DLC - Here Today, Gone Tomorrow

One of the arguments in favor of digital distribution is that you don't have to keep track of a physical medium. There's no disc to lose or get damaged. However, the digital copy is stored on a physical storage device — typically, a magnetic high density storage device ("hard drive" for you laymen). In some cases, you have the option to make a backup to a CD or some other storage medium (which brings you right back to the "disc to lose"), but otherwise, you're at the mercy of the selling company and its continued existence, and any promise they might have of letting you re-download a game you purchased.

One of Xbox Live Arcade's selling points has been that you can do just that — re-download anything you've ever bought at any time. It's one of the reasons they've insisted you don't need anything larger than a 20GB (or 60GB or 120GB) hard drive, because you can always delete something and re-download it later for no charge.

For the most part, that's true. And that may still be Microsoft's intent. But you know what they say about intentions — the road to hell is paved with them.

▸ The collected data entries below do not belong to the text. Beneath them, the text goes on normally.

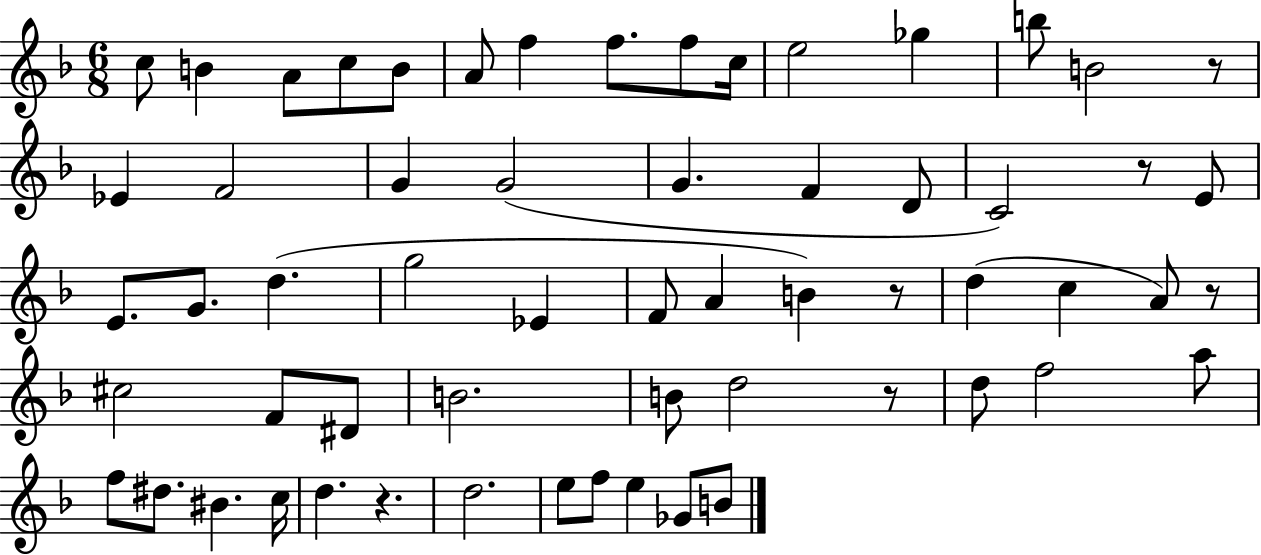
{
  \clef treble
  \numericTimeSignature
  \time 6/8
  \key f \major
  c''8 b'4 a'8 c''8 b'8 | a'8 f''4 f''8. f''8 c''16 | e''2 ges''4 | b''8 b'2 r8 | \break ees'4 f'2 | g'4 g'2( | g'4. f'4 d'8 | c'2) r8 e'8 | \break e'8. g'8. d''4.( | g''2 ees'4 | f'8 a'4 b'4) r8 | d''4( c''4 a'8) r8 | \break cis''2 f'8 dis'8 | b'2. | b'8 d''2 r8 | d''8 f''2 a''8 | \break f''8 dis''8. bis'4. c''16 | d''4. r4. | d''2. | e''8 f''8 e''4 ges'8 b'8 | \break \bar "|."
}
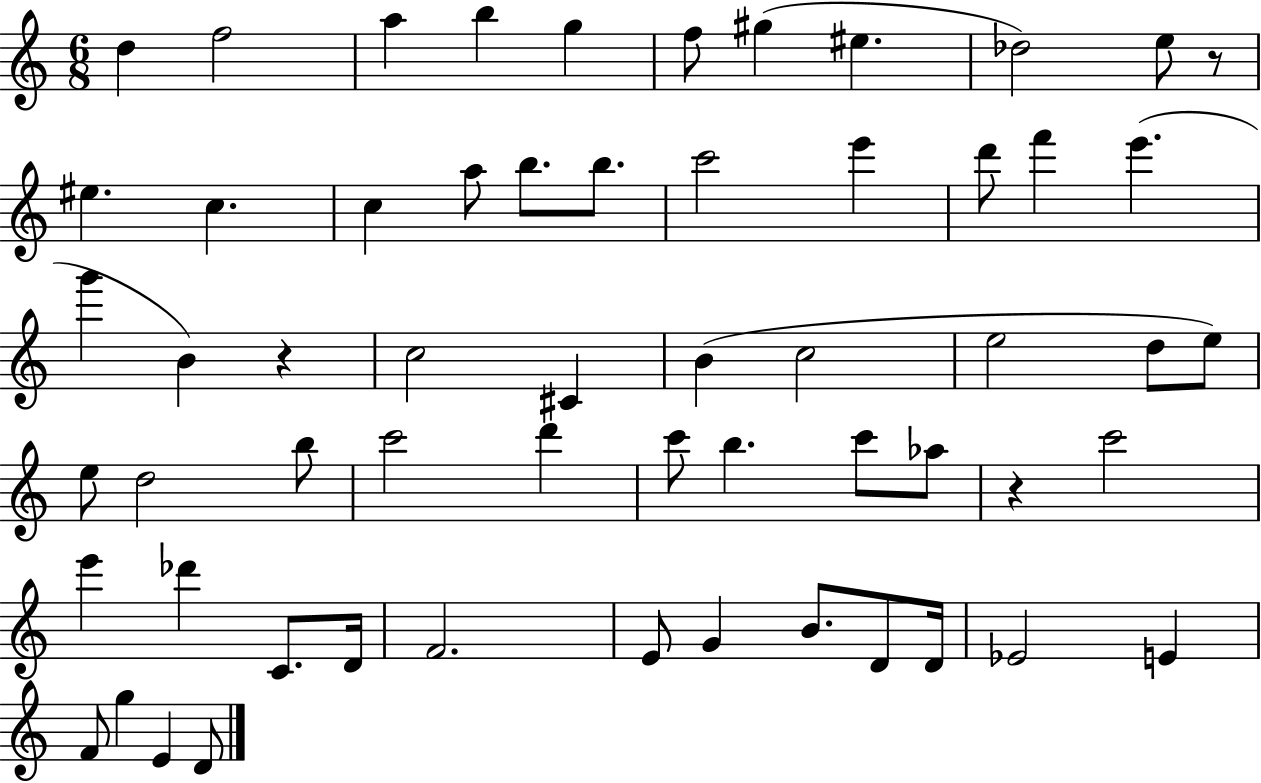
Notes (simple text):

D5/q F5/h A5/q B5/q G5/q F5/e G#5/q EIS5/q. Db5/h E5/e R/e EIS5/q. C5/q. C5/q A5/e B5/e. B5/e. C6/h E6/q D6/e F6/q E6/q. G6/q B4/q R/q C5/h C#4/q B4/q C5/h E5/h D5/e E5/e E5/e D5/h B5/e C6/h D6/q C6/e B5/q. C6/e Ab5/e R/q C6/h E6/q Db6/q C4/e. D4/s F4/h. E4/e G4/q B4/e. D4/e D4/s Eb4/h E4/q F4/e G5/q E4/q D4/e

First, Yaris disappeared. Understandably, no one got very upset. Not only was it a horrible game, it was also free, so no money was lost.

Then went Lost Cities, and now go Double Dragon and SpeedBall 2. These are games people are actually paying for, and now, due to expiring licensing deals or other corporate politics, they are gone. The "delete and re-download" promise is broken. If you don't have a memory card or an unsupported device for extracting (and later re-writing) data for your storage device, you can't make a backup onto a PC or a CD-ROM or other offline storage. Even worse, if your console is repaired or replaced, you can't use the license transfer tool and re-download licenses for content that no longer exists, meaning the one copy you hopefully still have is only good for that one gamertag to play while connected to Live, until that copy fails and/or that account is suspended or terminated. Then, that's it, it's gone forever.

So to what high-profile Arcade game does this need to happen before people take notice? What if Namco Bandai went into bankruptcy or its IP was purchased by another company, which forced its titles, including Pac-Man C.E., to get delisted from the Xbox Live Arcade?

At least in that case, I'd be safe. I could still play it. I have it on the Namco Museum Virtual Arcade. It's a shiny disc that I can put into any Xbox 360 at any time, online or offline, and play it signed in under any account.